東京都瑞穂町長 石塚 幸右衛門
瑞穂町は、首都東京の北西部に位置し埼玉県に接しておりますが、総面積7.1に及ぶ在日米空軍横田飛行場があります。この横田飛行場(横田基地)は、瑞穂町を含む5市1町にまたがっており、基地の1/3の面積は当町に属し、滑走路はまるで瑞穂町の中心部に楔を打ち込むように伸び、米軍機が離発着を繰り返しているのです。
この横田基地の民間との共用化がとりざたされており、この事について、近頃の情報により私の思いを述べさせていただきます。
東京新聞には少し詳しい報道がありましたが、東京都(知事本局)が企画した「横田基地軍民共用化推進セミナー」が、3月27日、新宿にあるハイアットリージェンシー東京のホールで開催されました。軍民共用化に関する検討委員会(委員長・杉山武彦一橋大学長)の催行となっています。

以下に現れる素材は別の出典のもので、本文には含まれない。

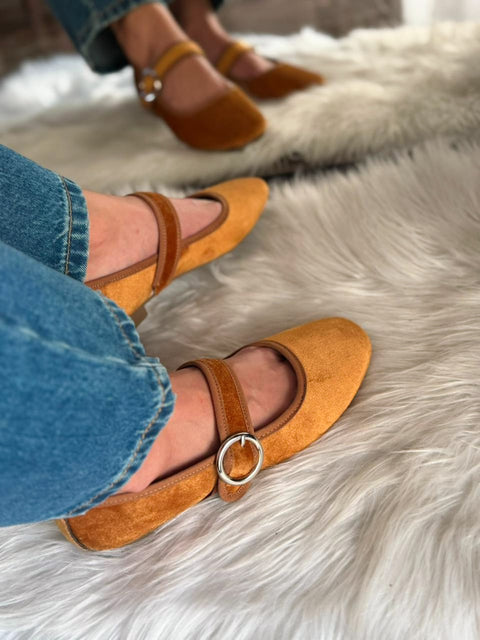 Baltimore Strap Brownish Orange Flats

講演者は、日本側が塩見英治中央大学経済学部教授と日本空法学会の坂本昭雄理事で、米国よりはポール・S・ジアラ氏(元国防総省日本部長)及びW・ロバート・ピアソン氏(元国務省局長)とありました。ここで私が懐かしく思った事は、マリア・ファーカスさんの名前がポール氏の資料に出ていた事です。元とありましたので、既に同嬢はThe Hudson Institute(ハドソン研究所)を辞められている事を知りました。日本語が堪能であった若き才媛とお会いしたときの光景が、今でもはっきりと目に浮かびます。
横田基地の軍民共用化は、石原慎太郎東京都知事が選挙時に唱えた「横田基地返還」の公約が、何時の間にか衣替えをしたものであり、共用化についてはマスコミでよく取り上げられますので、ご存知の方も多いことと思います。

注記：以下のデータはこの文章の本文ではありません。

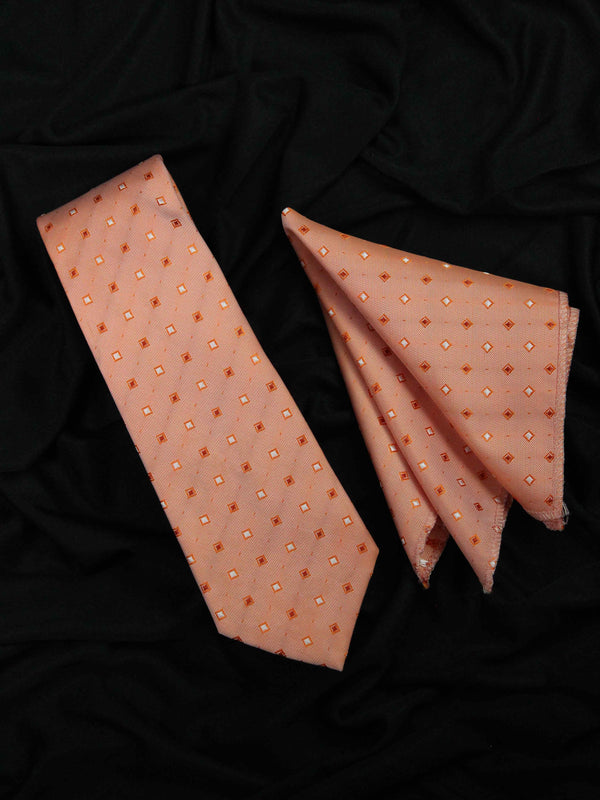 Peach Necktie & Pocket Square Giftset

私は、戦後60年に渡る日本政府の姿勢転換を、町民にどの様に説明してくれるか問いたいと思います。即ち、基地の存在意義が「極東の安全・日本の平和」から「儲かります(経済性)。便利になります(利便性)。」との世間事情に変わってしまうのか、という事です。
そして、肝心なことは、飛行直下にある地方自治体に対する、航空機騒音への対応です。日本国土の防衛が、いつの間にか利便性・経済性に置き変わり世論誘導だけが進んで行き、マスコミも同調している傾向があるように感じております。
今回のセミナーは、なかなか進まぬ共用化について、挽回策として企画されたものでありましょうが、成功とは言えないものとなりました。東京新聞を除く、新聞各社は報道に積極的ではありませんでしたし、米国バージニア州(アレキサンドリア)The Spectrum Groupの(TSG)に発注した調査結果も私には、不十分なものに思えました。
この調査に要した費用についてはさておいて、当日配布された資料によれば、更なる調査(費)の要望が出されています。そして、やはり航空機騒音に対する言及はなく、この2点が気になりました。
私は、瑞穂町制施行と同じ年の昭和15年に生まれ、同年に横田基地(前・帝国陸軍多摩飛行場)が完成しました。そして現在私は、瑞穂町長の職に就いております。
奇しくも3点が一致する運命に遭遇し、町民3万4千人の期待に応え、横田基地問題に全力で対応することが私の使命と考えております。
在日米軍の再編に際し、全国の関係市町村に先駆けて航空自衛隊との共用の容認を公表致しましたが、それは日米運命共同体の一国民の義務とも感じ、また、私が基地問題に当る申し子と思うからでありました。